Un ratito en el deslugar (16)

“Según deduzco de lo leído en ese ensayo sobre el género, quienes escibieron grandes diarios íntimos en el siglo pasado no lo hicieron para saber quíenes eran ellos, sino que lo llevaron a cabo para saber en qué se estaban transformando, cúal era la dirección imprevisible a la que estaba arrastrándoles la catrástofe. “No es pues la revelación de una verdad lo que esos diarios podían o querían darnos, sino la descripción cruda, clínica de una mutación.”
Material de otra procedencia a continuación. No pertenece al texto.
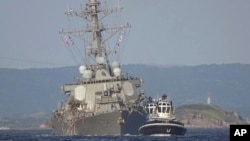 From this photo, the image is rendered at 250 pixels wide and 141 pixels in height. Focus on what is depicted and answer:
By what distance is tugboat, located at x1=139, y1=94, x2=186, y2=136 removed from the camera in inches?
5955

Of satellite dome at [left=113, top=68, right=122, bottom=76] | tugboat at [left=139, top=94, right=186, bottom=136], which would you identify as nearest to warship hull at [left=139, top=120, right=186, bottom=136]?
tugboat at [left=139, top=94, right=186, bottom=136]

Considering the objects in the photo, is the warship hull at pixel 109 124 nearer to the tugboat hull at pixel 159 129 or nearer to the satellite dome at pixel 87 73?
the tugboat hull at pixel 159 129

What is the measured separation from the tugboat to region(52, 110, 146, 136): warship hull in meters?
3.52

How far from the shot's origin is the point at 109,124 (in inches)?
6250

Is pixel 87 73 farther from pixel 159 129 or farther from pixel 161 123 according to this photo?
pixel 159 129

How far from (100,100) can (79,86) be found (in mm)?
5540

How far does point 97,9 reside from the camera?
6540 inches

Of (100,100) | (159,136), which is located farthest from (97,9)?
(159,136)

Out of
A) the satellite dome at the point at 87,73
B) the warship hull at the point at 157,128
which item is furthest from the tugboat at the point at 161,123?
the satellite dome at the point at 87,73

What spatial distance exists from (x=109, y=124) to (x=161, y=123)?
35.5 feet

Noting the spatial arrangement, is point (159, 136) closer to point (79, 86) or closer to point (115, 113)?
point (115, 113)

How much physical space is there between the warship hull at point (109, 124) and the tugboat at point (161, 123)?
139 inches

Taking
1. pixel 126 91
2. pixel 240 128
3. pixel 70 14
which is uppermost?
pixel 70 14

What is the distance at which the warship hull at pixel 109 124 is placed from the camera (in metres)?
157
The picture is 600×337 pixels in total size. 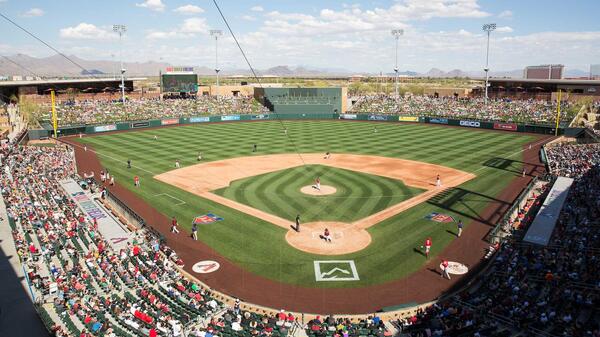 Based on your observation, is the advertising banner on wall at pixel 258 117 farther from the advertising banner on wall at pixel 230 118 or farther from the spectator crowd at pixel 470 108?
the spectator crowd at pixel 470 108

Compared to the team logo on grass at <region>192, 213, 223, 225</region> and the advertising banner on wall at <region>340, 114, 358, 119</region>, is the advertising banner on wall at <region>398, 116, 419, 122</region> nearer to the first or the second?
the advertising banner on wall at <region>340, 114, 358, 119</region>

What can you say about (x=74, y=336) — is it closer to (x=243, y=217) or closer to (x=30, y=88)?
(x=243, y=217)

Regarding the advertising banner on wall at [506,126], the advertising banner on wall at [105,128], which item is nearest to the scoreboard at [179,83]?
the advertising banner on wall at [105,128]

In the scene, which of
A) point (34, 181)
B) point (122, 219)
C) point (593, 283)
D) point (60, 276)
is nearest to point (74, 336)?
point (60, 276)

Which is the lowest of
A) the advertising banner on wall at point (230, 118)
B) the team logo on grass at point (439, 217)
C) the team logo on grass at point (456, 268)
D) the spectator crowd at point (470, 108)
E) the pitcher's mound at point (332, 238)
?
the team logo on grass at point (456, 268)


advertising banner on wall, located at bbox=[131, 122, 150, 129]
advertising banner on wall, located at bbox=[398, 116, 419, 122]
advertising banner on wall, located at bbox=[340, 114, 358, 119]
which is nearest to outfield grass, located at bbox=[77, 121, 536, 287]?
advertising banner on wall, located at bbox=[398, 116, 419, 122]

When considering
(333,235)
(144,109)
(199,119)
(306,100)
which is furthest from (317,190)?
(306,100)
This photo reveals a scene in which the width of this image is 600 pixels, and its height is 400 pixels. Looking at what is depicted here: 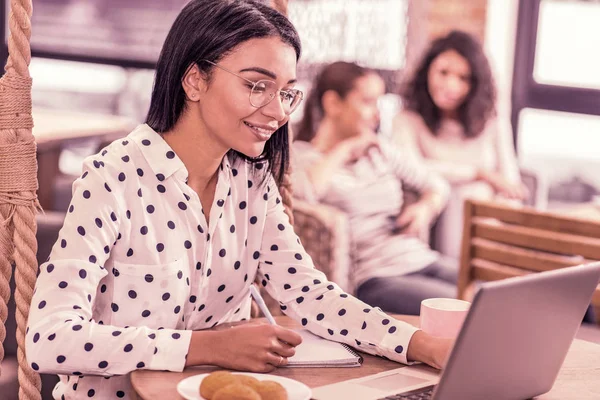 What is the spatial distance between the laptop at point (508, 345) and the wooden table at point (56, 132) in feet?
10.2

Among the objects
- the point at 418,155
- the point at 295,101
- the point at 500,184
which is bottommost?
the point at 500,184

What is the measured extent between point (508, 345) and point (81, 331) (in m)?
0.62

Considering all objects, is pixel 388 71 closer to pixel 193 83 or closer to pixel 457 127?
pixel 457 127

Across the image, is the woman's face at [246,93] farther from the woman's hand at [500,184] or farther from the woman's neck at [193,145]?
the woman's hand at [500,184]

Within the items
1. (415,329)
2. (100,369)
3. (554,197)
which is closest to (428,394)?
(415,329)

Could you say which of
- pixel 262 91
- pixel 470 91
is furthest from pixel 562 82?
pixel 262 91

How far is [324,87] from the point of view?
14.2 feet

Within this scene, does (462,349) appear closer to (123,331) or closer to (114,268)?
(123,331)

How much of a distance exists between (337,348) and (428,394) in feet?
0.86

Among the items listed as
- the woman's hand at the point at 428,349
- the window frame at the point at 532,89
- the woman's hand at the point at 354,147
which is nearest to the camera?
the woman's hand at the point at 428,349

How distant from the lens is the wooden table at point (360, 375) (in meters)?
1.30

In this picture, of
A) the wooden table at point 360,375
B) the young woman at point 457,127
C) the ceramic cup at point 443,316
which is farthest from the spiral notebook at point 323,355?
the young woman at point 457,127

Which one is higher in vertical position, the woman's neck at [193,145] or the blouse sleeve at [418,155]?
the woman's neck at [193,145]

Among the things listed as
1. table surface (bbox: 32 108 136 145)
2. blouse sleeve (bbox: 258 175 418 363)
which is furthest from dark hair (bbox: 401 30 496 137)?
blouse sleeve (bbox: 258 175 418 363) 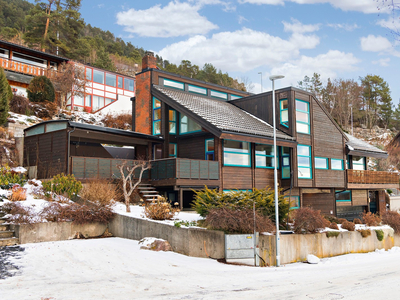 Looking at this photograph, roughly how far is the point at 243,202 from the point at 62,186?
831 cm

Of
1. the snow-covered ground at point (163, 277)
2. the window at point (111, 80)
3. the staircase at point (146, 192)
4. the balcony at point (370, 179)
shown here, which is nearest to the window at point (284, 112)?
the balcony at point (370, 179)

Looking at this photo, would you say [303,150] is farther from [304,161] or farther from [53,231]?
[53,231]

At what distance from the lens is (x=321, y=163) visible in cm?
2531

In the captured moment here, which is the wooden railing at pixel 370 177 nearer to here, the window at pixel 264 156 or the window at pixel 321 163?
the window at pixel 321 163

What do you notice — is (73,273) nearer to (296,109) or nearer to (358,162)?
(296,109)

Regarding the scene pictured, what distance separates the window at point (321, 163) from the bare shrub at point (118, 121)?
1975 centimetres

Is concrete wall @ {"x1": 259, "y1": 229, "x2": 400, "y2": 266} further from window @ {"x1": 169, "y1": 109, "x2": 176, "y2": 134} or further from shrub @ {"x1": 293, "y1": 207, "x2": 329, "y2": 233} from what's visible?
window @ {"x1": 169, "y1": 109, "x2": 176, "y2": 134}

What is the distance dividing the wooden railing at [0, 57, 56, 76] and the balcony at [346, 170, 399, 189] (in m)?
30.7

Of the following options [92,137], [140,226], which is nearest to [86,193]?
[140,226]

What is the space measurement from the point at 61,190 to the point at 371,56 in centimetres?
1383

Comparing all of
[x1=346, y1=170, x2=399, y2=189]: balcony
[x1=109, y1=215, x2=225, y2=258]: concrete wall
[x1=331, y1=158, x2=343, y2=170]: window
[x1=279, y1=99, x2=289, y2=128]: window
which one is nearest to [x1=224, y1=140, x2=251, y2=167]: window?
[x1=279, y1=99, x2=289, y2=128]: window

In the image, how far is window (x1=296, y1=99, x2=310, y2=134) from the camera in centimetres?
2417

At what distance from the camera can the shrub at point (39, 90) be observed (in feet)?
112

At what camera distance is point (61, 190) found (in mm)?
16922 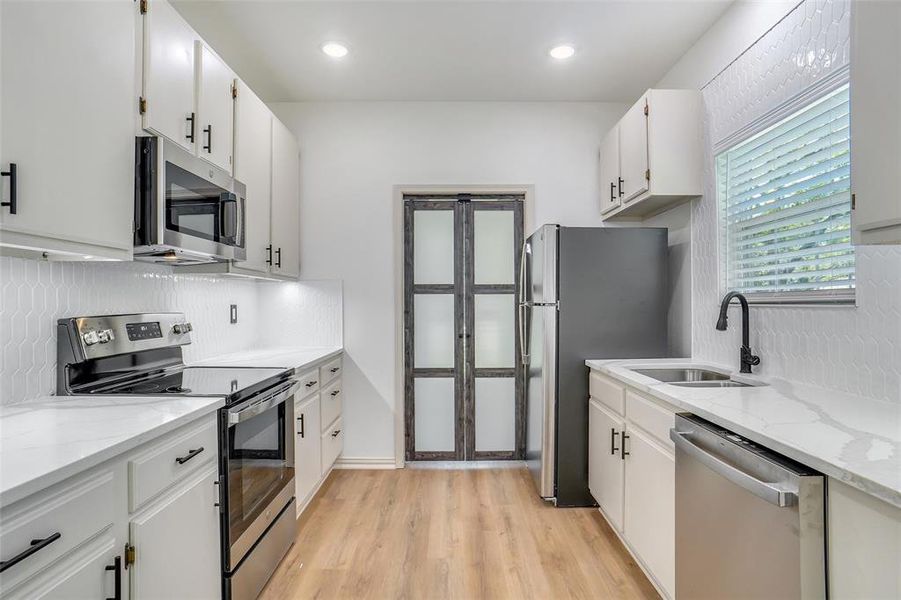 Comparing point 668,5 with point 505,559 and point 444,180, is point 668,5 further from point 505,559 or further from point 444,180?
point 505,559

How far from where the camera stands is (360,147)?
346 centimetres

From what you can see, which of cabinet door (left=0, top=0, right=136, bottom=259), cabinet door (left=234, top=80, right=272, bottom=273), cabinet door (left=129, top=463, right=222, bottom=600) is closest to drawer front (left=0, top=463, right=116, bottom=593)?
cabinet door (left=129, top=463, right=222, bottom=600)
Hay momentos en los que no estoy muy segura de si el citado merece que aparezca su nombre en la cita aunque quizá esa sea la mejor manera de hacerle un pequeño homenaje: el juego dentro del juego. No le importará demasiado que a veces crea que es un completo imbécil, creo que incluso le gustaría…aunque también he de reconocer que admiro a quienes intentan aunque sea por segundos escribir verdades completas, que son amenudo feas y asquerosas. Él lo ha intentado y eso me gusta. Quizá yo también sea una imbécil.

Un ratito en el deslugar (14)

Más y más y más…¿cualquier cosa puede parecer ser infinita?